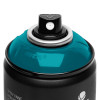 Bombe de peinture Hardcore MTN - Bleu christiana | à seulement 3,75 €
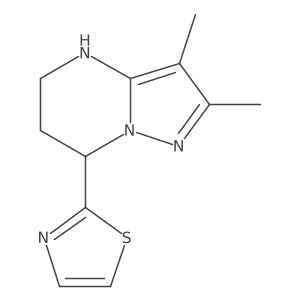 1690933-07-3 structure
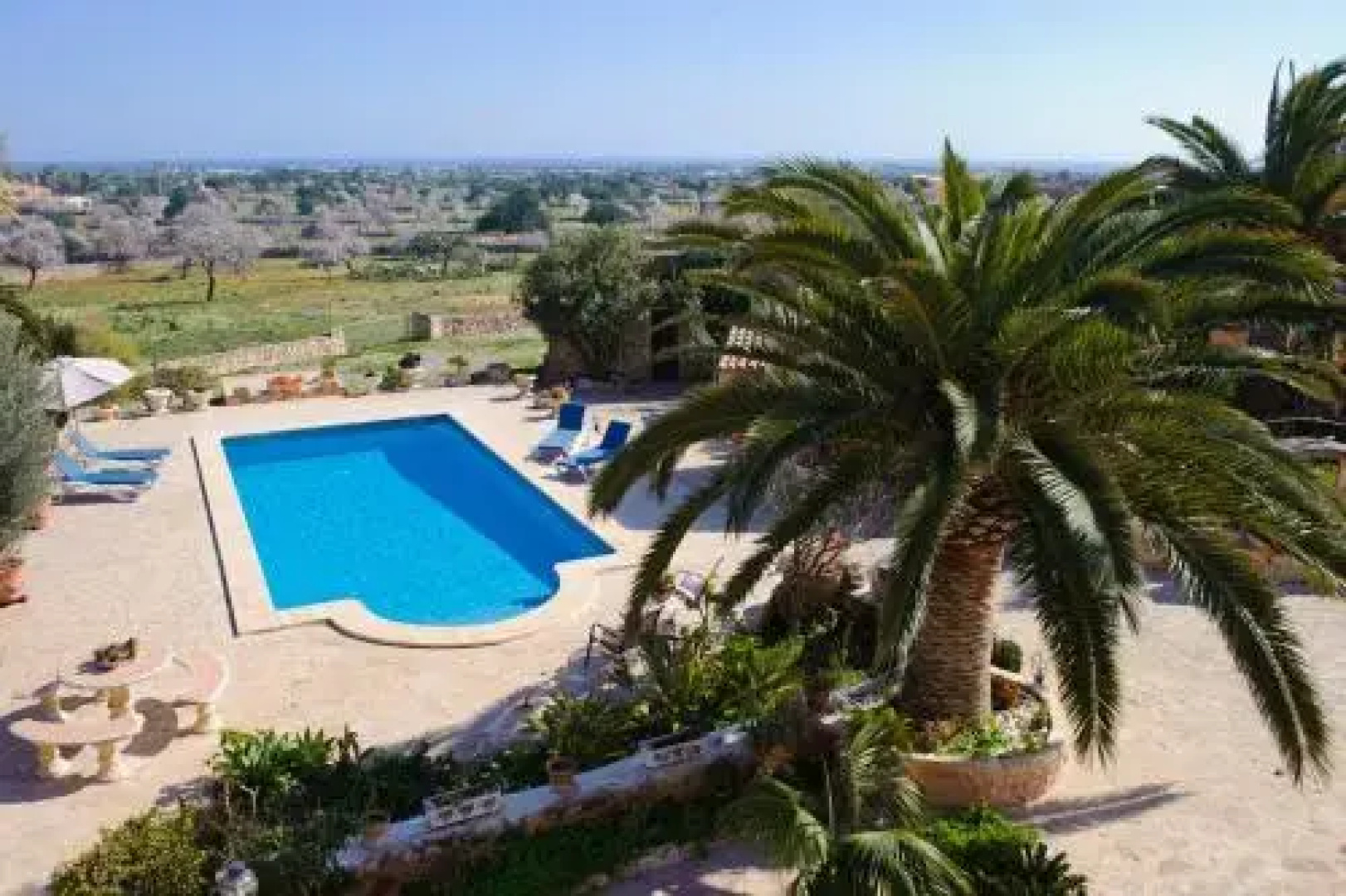 Finca Tanca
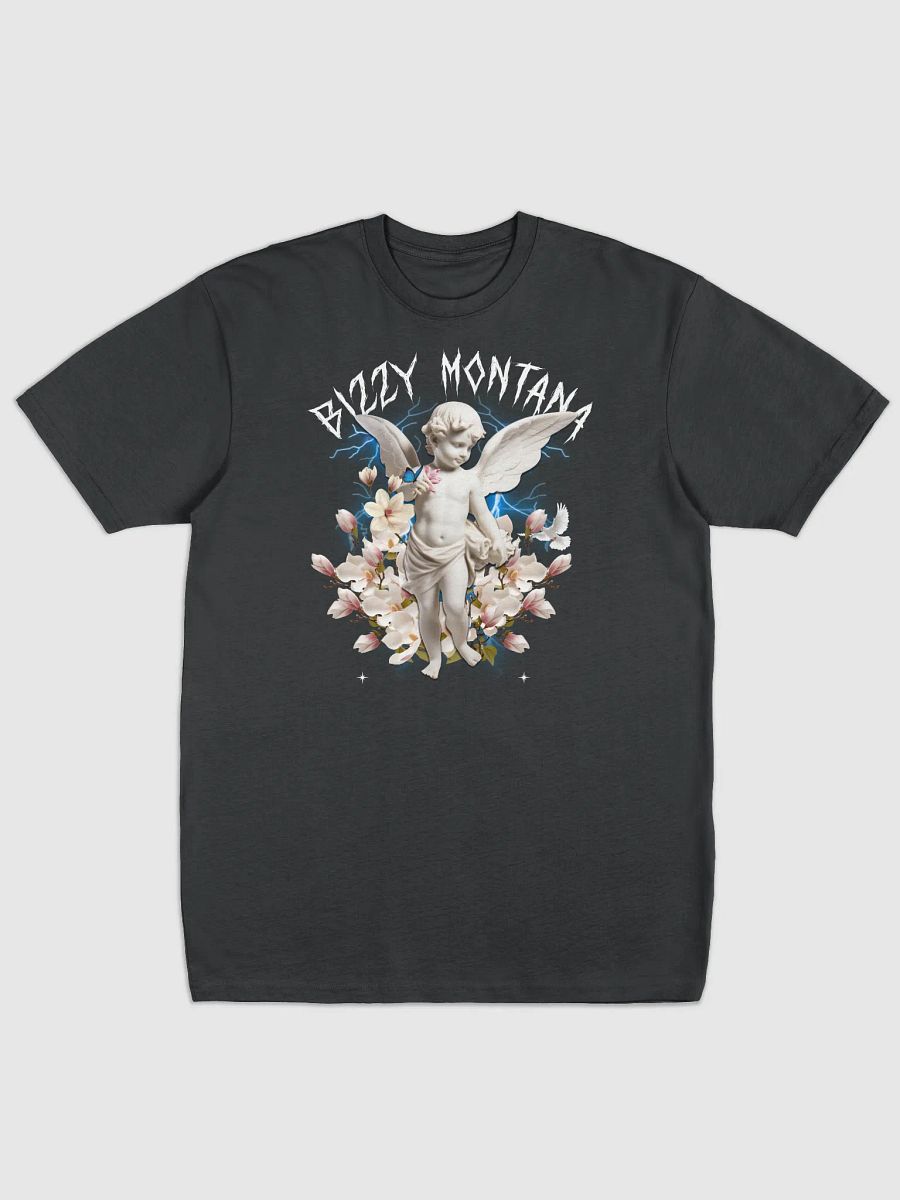 Bizzy Montana - Wellen - T-Shirt Bundle product image (1)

_Exercise instructions_
Make an exact copy of the listing, with no images in it.

_Answer box_
 Bombe de peinture Hardcore MTN - Bleu christiana | à seulement 3,75 €
 1690933-07-3 structure
 Finca Tanca
 Bizzy Montana - Wellen - T-Shirt Bundle product image (1)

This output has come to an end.